- YOUR ASSIGNMENT: The lines from the one with "Sparkling silver hoop" through the last line below are to be copied exactly; no other lines are to be returned.

Data entries
▬▬▬

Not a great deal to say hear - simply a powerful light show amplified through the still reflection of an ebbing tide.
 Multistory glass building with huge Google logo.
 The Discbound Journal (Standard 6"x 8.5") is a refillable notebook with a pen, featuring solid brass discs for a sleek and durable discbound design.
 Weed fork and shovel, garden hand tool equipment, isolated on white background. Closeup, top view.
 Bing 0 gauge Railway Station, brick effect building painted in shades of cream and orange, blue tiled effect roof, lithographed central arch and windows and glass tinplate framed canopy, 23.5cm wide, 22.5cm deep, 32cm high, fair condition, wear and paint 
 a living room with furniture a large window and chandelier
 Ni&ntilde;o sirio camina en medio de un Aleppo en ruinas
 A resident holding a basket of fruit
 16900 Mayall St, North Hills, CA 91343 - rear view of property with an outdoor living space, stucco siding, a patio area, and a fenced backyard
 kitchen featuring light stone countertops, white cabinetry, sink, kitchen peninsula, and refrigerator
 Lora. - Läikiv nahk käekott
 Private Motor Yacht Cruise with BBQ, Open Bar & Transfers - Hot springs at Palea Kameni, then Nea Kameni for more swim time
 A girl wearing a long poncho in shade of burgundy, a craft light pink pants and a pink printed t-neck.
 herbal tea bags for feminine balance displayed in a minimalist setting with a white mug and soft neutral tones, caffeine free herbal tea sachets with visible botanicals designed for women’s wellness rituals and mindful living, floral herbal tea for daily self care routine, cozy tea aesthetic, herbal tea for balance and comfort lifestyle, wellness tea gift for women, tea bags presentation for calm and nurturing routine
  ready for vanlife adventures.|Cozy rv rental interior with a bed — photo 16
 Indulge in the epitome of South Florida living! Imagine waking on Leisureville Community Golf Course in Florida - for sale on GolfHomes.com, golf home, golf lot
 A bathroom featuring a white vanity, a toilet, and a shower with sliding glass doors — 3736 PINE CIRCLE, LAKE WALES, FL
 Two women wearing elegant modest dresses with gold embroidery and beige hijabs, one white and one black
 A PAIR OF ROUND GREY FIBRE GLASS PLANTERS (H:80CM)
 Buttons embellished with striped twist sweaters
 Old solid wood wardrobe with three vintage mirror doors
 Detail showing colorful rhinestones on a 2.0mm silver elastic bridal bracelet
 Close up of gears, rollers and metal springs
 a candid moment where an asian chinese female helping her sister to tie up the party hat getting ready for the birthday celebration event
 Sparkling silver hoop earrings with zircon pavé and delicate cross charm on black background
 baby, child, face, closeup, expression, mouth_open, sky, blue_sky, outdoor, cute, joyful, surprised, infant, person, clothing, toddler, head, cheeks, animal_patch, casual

▬▬▬

- SOLUTION FOR THIS EXERCISE:
 Sparkling silver hoop earrings with zircon pavé and delicate cross charm on black background
 baby, child, face, closeup, expression, mouth_open, sky, blue_sky, outdoor, cute, joyful, surprised, infant, person, clothing, toddler, head, cheeks, animal_patch, casual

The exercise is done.